§ ASSIGNMENT
Reproduce, please, the line that holds "Kadee, a female" and all later lines through the end of the entries below, exactly; omit pictures.

RECORDS FOR PROCESSING START

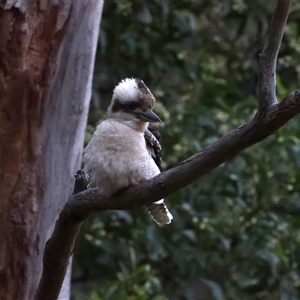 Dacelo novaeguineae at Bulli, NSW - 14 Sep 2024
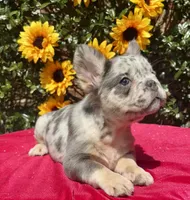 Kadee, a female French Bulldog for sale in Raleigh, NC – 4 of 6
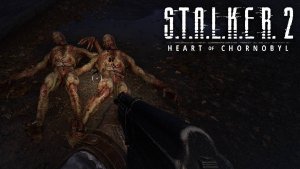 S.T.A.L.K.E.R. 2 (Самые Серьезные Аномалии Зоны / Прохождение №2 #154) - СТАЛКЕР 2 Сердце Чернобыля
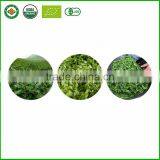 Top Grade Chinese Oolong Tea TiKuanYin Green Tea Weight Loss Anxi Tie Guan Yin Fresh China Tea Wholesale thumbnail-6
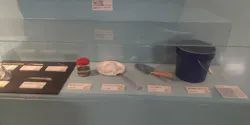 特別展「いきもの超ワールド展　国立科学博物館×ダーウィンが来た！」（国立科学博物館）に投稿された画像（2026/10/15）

RECORDS FOR PROCESSING END

§ OUTPUT FOR THIS EXERCISE
 Kadee, a female French Bulldog for sale in Raleigh, NC – 4 of 6
 S.T.A.L.K.E.R. 2 (Самые Серьезные Аномалии Зоны / Прохождение №2 #154) - СТАЛКЕР 2 Сердце Чернобыля
 Top Grade Chinese Oolong Tea TiKuanYin Green Tea Weight Loss Anxi Tie Guan Yin Fresh China Tea Wholesale thumbnail-6
 特別展「いきもの超ワールド展　国立科学博物館×ダーウィンが来た！」（国立科学博物館）に投稿された画像（2026/10/15）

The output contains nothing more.